* Stored data *
######
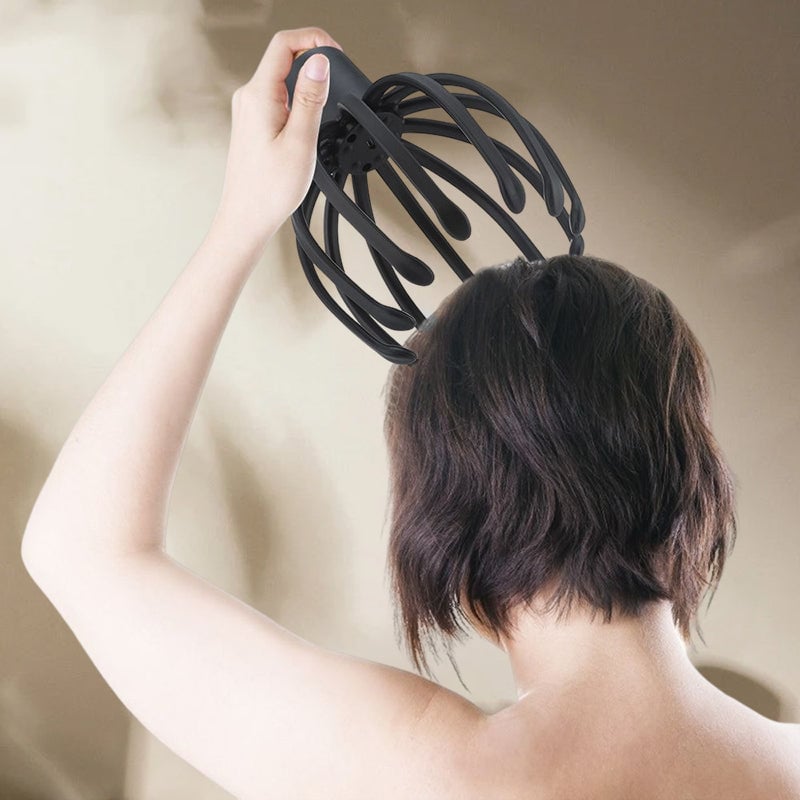 Rechargeable Octopus Head Massager with Vibration Settings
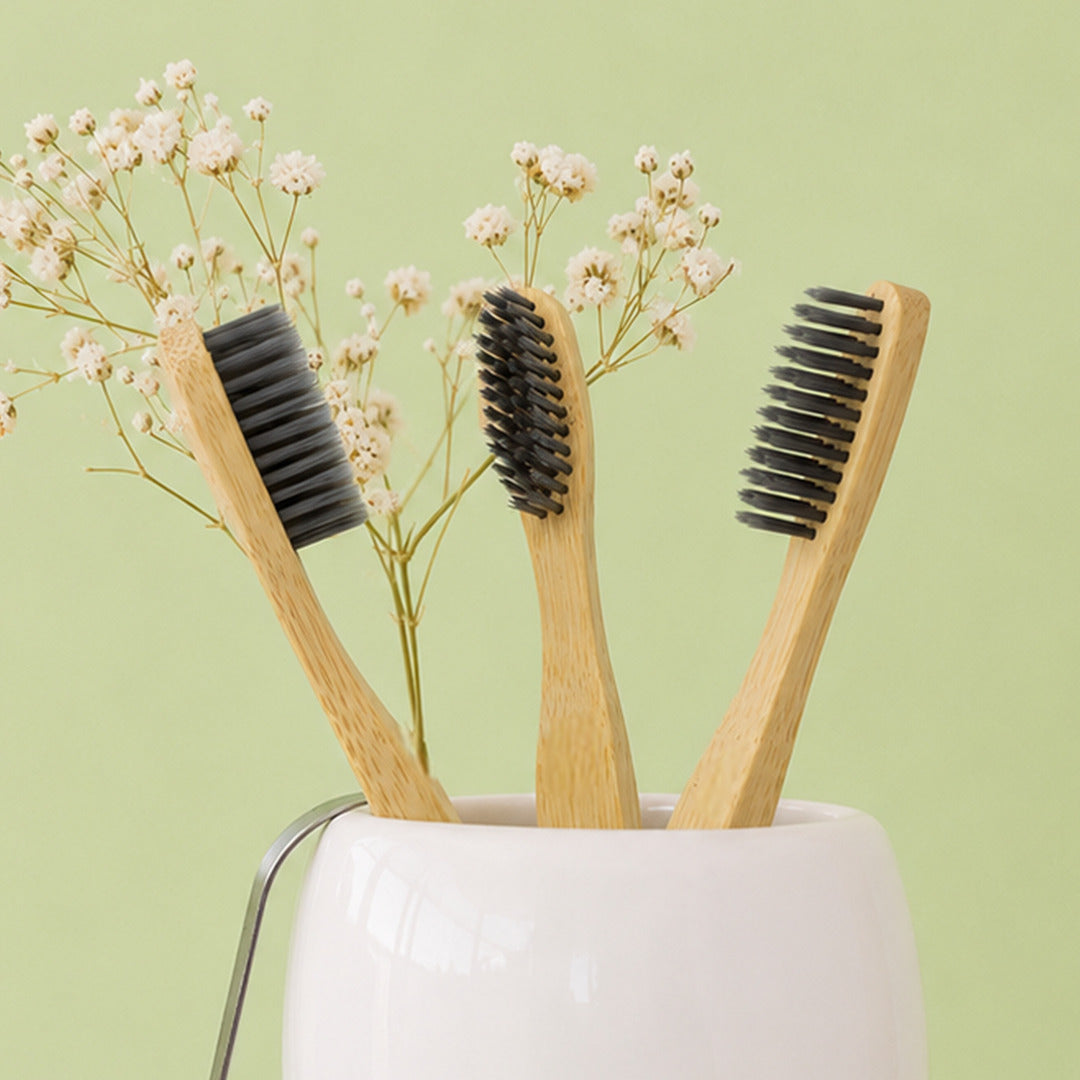 BECO Bamboo Toothbrush with Activated Charcoal Bristles Single image 5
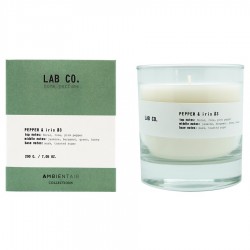 Свеча ароматическая lab co, pepper&iris, 40 ч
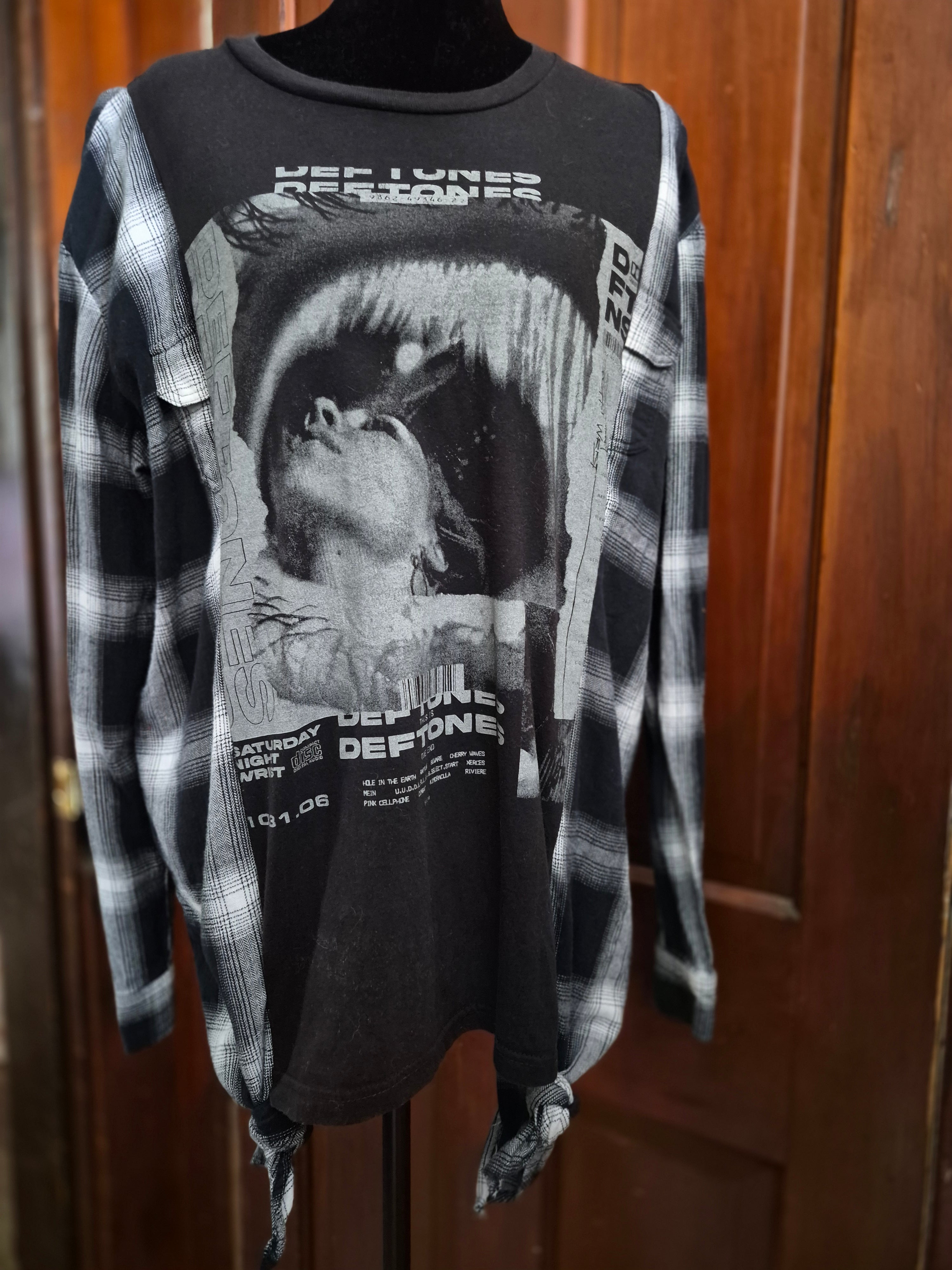 The Deftones flannel tee one of a kind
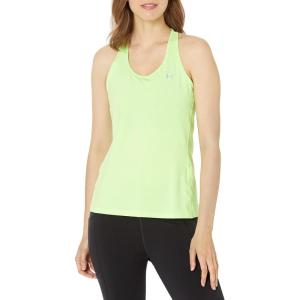 imageUnder Armour Womens HeatGear Racer TankQuirky Lime 752Metallic Silver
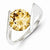 Sterling Silver Champagne CZ Ring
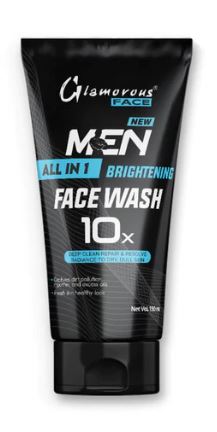 Glamorous Face mens all in 1 brightning face wash 10x (150ml)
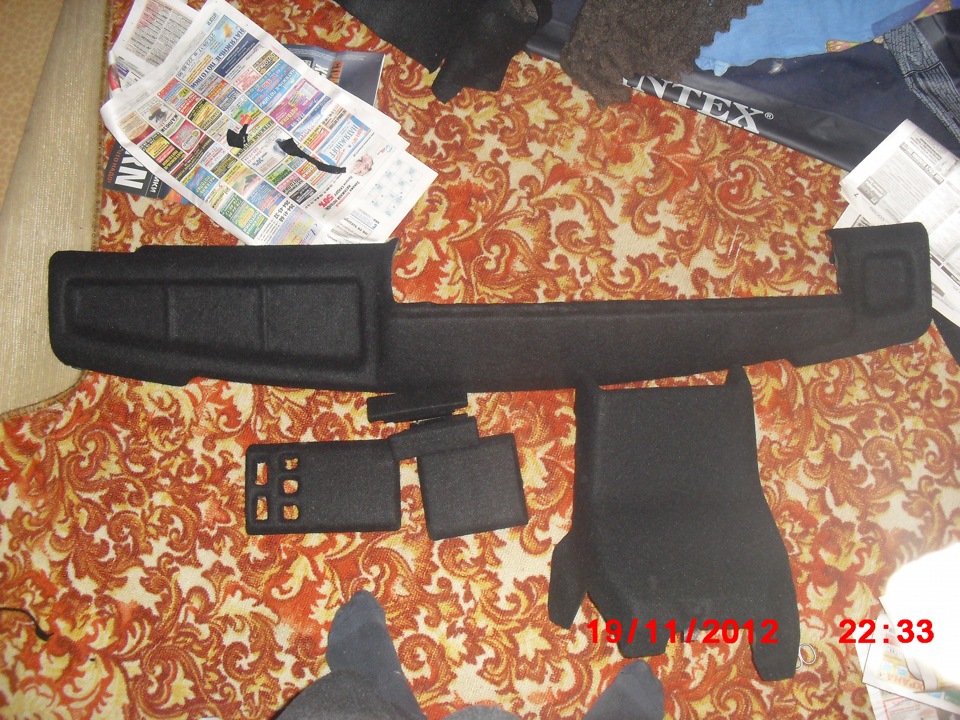 Решил обклеить торпеду) — Lada 21093i, 1,5 л, 2002 года | просто так ...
######
* Your assignment *
Reproduce precisely the lines of the entries above, from the one containing "Свеча ароматическая lab" through the final one, both ends included, and omit the pictures.

* Solved exercise *
 Свеча ароматическая lab co, pepper&iris, 40 ч
 The Deftones flannel tee one of a kind
 imageUnder Armour Womens HeatGear Racer TankQuirky Lime 752Metallic Silver
 Sterling Silver Champagne CZ Ring
 Glamorous Face mens all in 1 brightning face wash 10x (150ml)
 Решил обклеить торпеду) — Lada 21093i, 1,5 л, 2002 года | просто так ...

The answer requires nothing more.